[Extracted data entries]
^^^^^^^^^^^^^^^^

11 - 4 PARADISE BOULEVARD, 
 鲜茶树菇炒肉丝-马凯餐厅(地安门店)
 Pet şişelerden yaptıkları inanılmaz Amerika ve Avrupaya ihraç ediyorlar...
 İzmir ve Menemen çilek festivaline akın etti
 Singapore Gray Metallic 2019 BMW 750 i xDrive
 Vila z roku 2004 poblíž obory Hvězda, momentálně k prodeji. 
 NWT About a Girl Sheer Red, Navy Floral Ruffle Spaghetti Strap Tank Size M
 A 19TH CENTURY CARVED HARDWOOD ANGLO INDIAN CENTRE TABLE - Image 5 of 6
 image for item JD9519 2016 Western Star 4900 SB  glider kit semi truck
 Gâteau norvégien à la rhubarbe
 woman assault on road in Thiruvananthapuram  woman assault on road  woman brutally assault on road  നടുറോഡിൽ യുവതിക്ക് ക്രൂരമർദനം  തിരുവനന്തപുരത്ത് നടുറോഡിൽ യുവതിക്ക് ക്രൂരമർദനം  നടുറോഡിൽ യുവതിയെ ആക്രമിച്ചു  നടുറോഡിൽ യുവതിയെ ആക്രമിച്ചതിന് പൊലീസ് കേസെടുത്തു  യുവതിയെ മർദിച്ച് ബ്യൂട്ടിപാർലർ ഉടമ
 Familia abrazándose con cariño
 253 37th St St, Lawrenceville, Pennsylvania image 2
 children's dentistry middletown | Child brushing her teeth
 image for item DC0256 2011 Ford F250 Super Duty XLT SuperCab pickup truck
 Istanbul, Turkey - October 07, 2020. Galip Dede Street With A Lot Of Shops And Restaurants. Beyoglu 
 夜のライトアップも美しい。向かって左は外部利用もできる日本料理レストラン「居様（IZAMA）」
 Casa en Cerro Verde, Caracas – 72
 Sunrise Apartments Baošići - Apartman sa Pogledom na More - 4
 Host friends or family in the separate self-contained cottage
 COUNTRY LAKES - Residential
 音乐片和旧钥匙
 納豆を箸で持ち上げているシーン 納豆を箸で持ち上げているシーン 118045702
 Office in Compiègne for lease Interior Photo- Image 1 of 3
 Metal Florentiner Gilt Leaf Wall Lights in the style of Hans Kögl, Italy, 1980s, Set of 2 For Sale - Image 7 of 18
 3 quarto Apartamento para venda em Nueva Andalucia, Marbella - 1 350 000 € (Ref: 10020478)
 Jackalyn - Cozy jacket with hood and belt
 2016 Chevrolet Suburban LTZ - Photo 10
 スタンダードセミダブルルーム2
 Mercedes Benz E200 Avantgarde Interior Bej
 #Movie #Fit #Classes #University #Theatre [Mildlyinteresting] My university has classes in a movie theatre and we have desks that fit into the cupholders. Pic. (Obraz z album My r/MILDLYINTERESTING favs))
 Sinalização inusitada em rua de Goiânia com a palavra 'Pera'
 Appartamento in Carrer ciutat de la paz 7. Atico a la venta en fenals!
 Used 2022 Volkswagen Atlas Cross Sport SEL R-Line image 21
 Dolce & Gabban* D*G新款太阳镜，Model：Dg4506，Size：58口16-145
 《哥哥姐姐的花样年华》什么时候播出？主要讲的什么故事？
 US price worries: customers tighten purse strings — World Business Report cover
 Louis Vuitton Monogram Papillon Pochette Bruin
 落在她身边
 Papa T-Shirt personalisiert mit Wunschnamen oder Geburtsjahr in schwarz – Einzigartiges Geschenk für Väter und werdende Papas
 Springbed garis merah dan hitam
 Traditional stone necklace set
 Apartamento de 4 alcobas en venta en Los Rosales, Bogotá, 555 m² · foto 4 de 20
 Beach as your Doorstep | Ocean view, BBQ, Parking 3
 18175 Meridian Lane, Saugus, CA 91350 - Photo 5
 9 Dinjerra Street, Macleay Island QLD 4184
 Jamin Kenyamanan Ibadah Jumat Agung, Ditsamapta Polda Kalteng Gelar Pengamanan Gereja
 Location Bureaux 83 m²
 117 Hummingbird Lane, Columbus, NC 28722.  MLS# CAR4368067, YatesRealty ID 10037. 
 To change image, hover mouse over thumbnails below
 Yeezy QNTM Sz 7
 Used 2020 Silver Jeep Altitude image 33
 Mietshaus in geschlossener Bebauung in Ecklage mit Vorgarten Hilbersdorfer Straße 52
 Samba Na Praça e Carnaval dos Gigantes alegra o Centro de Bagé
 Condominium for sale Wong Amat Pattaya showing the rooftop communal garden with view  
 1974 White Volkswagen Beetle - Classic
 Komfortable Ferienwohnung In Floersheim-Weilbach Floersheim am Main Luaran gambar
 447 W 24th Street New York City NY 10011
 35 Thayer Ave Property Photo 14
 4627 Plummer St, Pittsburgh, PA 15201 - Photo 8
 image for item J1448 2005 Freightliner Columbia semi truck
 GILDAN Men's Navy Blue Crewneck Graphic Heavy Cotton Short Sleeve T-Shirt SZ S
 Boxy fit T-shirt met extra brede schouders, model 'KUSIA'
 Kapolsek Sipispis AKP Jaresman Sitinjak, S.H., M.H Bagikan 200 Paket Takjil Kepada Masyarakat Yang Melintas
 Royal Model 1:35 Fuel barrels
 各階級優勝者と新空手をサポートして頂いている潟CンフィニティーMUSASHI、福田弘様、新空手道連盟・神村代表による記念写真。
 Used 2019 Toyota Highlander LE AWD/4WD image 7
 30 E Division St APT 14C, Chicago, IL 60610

^^^^^^^^^^^^^^^^

* **WORK TO COMPLETE**: The line containing "Boxy fit T-shirt" marks where to begin; copy it and every later line exactly, through the end of the data.

* **EXERCISE RESPONSE**:
 Boxy fit T-shirt met extra brede schouders, model 'KUSIA'
 Kapolsek Sipispis AKP Jaresman Sitinjak, S.H., M.H Bagikan 200 Paket Takjil Kepada Masyarakat Yang Melintas
 Royal Model 1:35 Fuel barrels
 各階級優勝者と新空手をサポートして頂いている潟CンフィニティーMUSASHI、福田弘様、新空手道連盟・神村代表による記念写真。
 Used 2019 Toyota Highlander LE AWD/4WD image 7
 30 E Division St APT 14C, Chicago, IL 60610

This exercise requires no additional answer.